Main content area

Decreasing trend of elemental carbon concentration with changes in major sources at Mega city Nagoya, Central Japan

Yamagami, Makiko, Ikemori, Fumikazu, Nakashima, Hironori, Hisatsune, Kunihiro, Osada, Kazuo
Atmospheric environment 2019 v.199 pp. 155-163
aerosols, air, air pollution, antimony, atmospheric chemistry, autumn, carbon, cities, combustion, emissions, global warming, lead, oils, seasonal variation, spring, summer, trace elements, winter, China, Japan
The atmospheric concentration of elemental carbon (EC) in aerosol particles is a key parameter related to global warming and health effects. Emission regulations for diesel exhaust intended to reduce EC concentrations have been strengthened in recent years.

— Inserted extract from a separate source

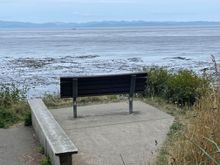 This is where we had lunch!  Great site looking over the bay toward Canada.  We say 5 sea lions swimming front of us.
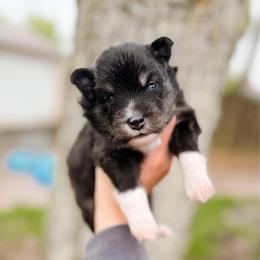 Nectar - Black and white male Pomsky puppy in Cleveland, Ohio from Lake Point Pomskies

To investigate regulation effects in Japan, daily EC concentrations in the megacity of Nagoya, central Japan, were measured during April 2003–March 2016. The EC concentrations showed a decreasing trend with changing seasonal variation: high concentrations were found in autumn and winter before 2011, but no seasonal variation was discernible after 2012. Strong correlation was found for annual vehicular EC emissions and annual mean EC concentrations during 2003–2009. However, the relation after 2010 was weaker in spring and summer. Based on the relation of EC with trace element (Pb, V, Sb, etc.) concentrations and the backward air trajectories on high concentration days, EC sources other than vehicles were found to be related to long-range transport of air pollution from China in spring and combustion of heavy oil, including ship engine exhaust, in summer.